This section describes the process of ingesting large documents (terabytes or more) into a vector database from a Cloud Object Storage (COS) bucket for efficient and rapid indexing.

It contains the following key parts:
- Vector Index Creation:
  * For `Elasticsearch`: It initializes a vector index with either **sparse** or **dense** embeddings, depending on the selected Elasticsearch embedding model.
  * For `Milvus`:
     - Initializes a vector index with either **dense embeddings** or **hybrid search** (dense + BM25 sparse embeddings), based on the `milvus_hybrid_search` parameter. If hybrid search is enabled, it creates a new collection with **IVF_FLAT for dense** and **BM25 for sparse** indexing. Otherwise, it only adds **dense embeddings**.
     - Initializes the selected Milvus embedding model.
     - Initializes a RemoteBulkWriter object linked to the Milvus-associated Cloud Object Store bucket for bulk indexing.
- Document Processing:
  * Reads the input `.tar` files from the input COS bucket for document ingestion.
  * Extracts and processes all pdf contents from the tar archieves to create documents.
- Indexing Process:
  * For `Elasticsearch`: Bulk indexes the processed documents into the Elasticsearch vector index.
  * For `Milvus`:
    - Adds processed documents to the RemoteBulkWriter for storage in the Milvus-associated COS bucket.
    - Bulk indexes the processed data files from the Milvus-associated COS bucket into the Milvus vector index. This can be tracked using the generated task_id.

**Note**: It is recommended to run this section in a Python environment on Cloud Pak for Data software with a GPU-enabled or higher vCPU and RAM hardware configuration, as generating embeddings and processing such large datasets requires significant memory.

In [None]:
def create_collection(index_name):
    # Initializes embedding model
    if environment=="cloud":
        credentials=Credentials(
            api_key = parameters['watsonx_ai_api_key'],
            url =WML_SERVICE_URL)
        embedding = Embeddings(
          model_id=parameters['embedding_model_id'],
          credentials=credentials,
          project_id=project_id,
          verify=True
        )
    elif environment=="on-prem":
        try:
            if client.foundation_models.EmbeddingModels.__members__:
                if client.foundation_models.EmbeddingModels(parameters["embedding_model_id"]).name:
                    embedding = Embeddings(
                      model_id=parameters['embedding_model_id'],
                      credentials=wml_credentials,
                      project_id=project_id,
                      verify=True
                    )
            else:
                print("local on prem embeddng models are not found, using models from IBM Cloud API")
                credentials=Credentials(
                    api_key = parameters['watsonx_ai_api_key'],
                    url =parameters['watsonx_ai_url'])
                embedding = Embeddings(
                  model_id=parameters['embedding_model_id'],
                  credentials=credentials,
                  space_id=parameters["wx_ai_inference_space_id"],
                  verify=True
                )
        except Exception as e:
            print("Exception in loading Embedding Models:" + str(e))

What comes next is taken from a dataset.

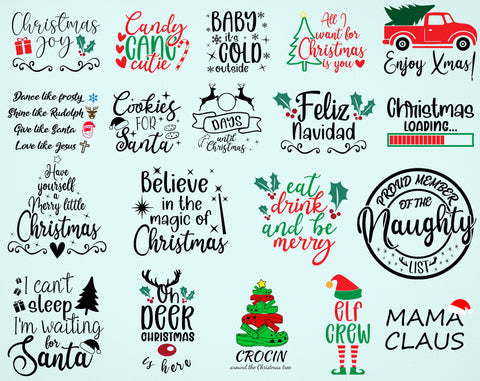Christmas Quote SVG Bundle - 60 Designs, Christmas Sayings SVG, Christmas Designs SVG HappyDesignStudio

    embedding_dim = embedding.embed_documents(['a'])[0]

    # Creates/ retrieves collection
    
    
    if index_name not in utility.list_collections():
        dense_index_params = {"metric_type": "L2", "index_type": "IVF_FLAT","params": {"nlist": 1024},}
        sparse_index_params = {"metric_type": "BM25","index_type": "SPARSE_INVERTED_INDEX", "params": {"drop_ratio_build": 0.2}}

        hybrid_search = True if parameters['milvus_hybrid_search'].lower()=="true" else False
        if hybrid_search:
            fields = [
                FieldSchema("id", DataType.VARCHAR, is_primary=True, max_length=65535, auto_id=False),
                FieldSchema("dense", DataType.FLOAT_VECTOR, dim=len(embedding_dim)),
                FieldSchema("sparse", DataType.SPARSE_FLOAT_VECTOR),
                FieldSchema("title", DataType.VARCHAR, max_length=65535),
                FieldSchema("source", DataType.VARCHAR, max_length=65535),
                FieldSchema("document_url", DataType.VARCHAR, max_length=65535),
                FieldSchema("page_number", DataType.VARCHAR, max_length=65535),
                FieldSchema("text", DataType.VARCHAR, max_length=65535, enable_analyzer=True)
            ]
            bm25_func = Function(
                name=f"bm25_text",
                function_type=FunctionType.BM25,
                input_field_names=['text'],
                output_field_names=['sparse'],
                )
            coll_schema = CollectionSchema(fields)
            coll_schema.add_function(bm25_func)
            coll = Collection(name=index_name, schema=coll_schema)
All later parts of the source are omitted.